*Required action*:
Line by line, give the data again exactly as it appears.

*Input data*:
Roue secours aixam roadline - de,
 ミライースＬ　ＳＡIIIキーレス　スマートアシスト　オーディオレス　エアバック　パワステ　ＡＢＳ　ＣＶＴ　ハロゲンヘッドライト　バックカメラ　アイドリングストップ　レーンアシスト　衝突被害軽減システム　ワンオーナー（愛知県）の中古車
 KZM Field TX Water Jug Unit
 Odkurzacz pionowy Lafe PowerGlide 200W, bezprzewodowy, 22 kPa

*Response box*:
Roue secours aixam roadline - de,
 ミライースＬ　ＳＡIIIキーレス　スマートアシスト　オーディオレス　エアバック　パワステ　ＡＢＳ　ＣＶＴ　ハロゲンヘッドライト　バックカメラ　アイドリングストップ　レーンアシスト　衝突被害軽減システム　ワンオーナー（愛知県）の中古車
 KZM Field TX Water Jug Unit
 Odkurzacz pionowy Lafe PowerGlide 200W, bezprzewodowy, 22 kPa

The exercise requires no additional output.